What are the best lines for distance flying,and the best lines for short/middle distances? Thanks


----------



## re lee (Jan 4, 2003)

That can very. Jan Ardens , is one of many distance birds. janssens is a short and med distance bird. But there are several old familys ANd even morris gordans and trentons. Which are american strains do well at the distance. See what is flying well in your area. From the different flyers. And remember you need a tough weather bird to go it in the hard races too.


----------



## harni (Oct 6, 2004)

In Europe we thinking that for short and iddle distance the best are cross of meulemans and janssen... And I have few of this birds... and I must tell ypu that they are very good...


----------



## Grizzled (Oct 21, 2004)

Most strains these days are combinations of strains of yesterday. A couple of good long distance strains are and were Trenton and Sion. These families are old established lines and if properly preserved will produce some potential where long distance flying is concerned. For short to middle, you can't beat a Janssen or a Janssen based family.


----------



## SmithFamilyLoft (Nov 22, 2004)

Grizz said:


> What are the best lines for distance flying,and the best lines for short/middle distances? Thanks


Long distance vs Short distance may be a somewhat relative term.
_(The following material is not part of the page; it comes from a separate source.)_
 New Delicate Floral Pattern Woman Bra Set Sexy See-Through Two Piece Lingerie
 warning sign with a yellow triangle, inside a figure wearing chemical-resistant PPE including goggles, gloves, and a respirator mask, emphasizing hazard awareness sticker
Are you talking about one day long distance or those that require two or more days ? I dare say in a majority of cases, birds which are said to be of a certain strain, would not be recognized by the orginal master whose name has been attached to the strain. Take the Janssen for example, how many generations removed is the typical bird, from what the brothers bred ? How many different flyers have imparted their own stamp on the strain ? My advice, is forget the label, and go to the top flyers in your combine who are winning at the long distance, and/or short distance. I have given up on having various lines for short, middle and long. I try to produce an all distance family. Hope my two cents, was of help.


----------



## Happy (Dec 19, 2004)

Grizz said:


> What are the best lines for distance flying,and the best lines for short/middle distances? Thanks


If a person could find active racing straight Havenith Strain USA born & raced? I think they were the best of the 500mi. to 600mi. on the day of toss. The problem is finding these since the invasion of the money 200-350 mi. races that seems to have taken over the sport causing us to obtain the Sprint type birds with probably less homing ability & more Sight flying that causes many more loss's.. Few Trentons were ever a super long distance Day Bird strain. Just my observation over the yrs. Just my opinon... Happy


----------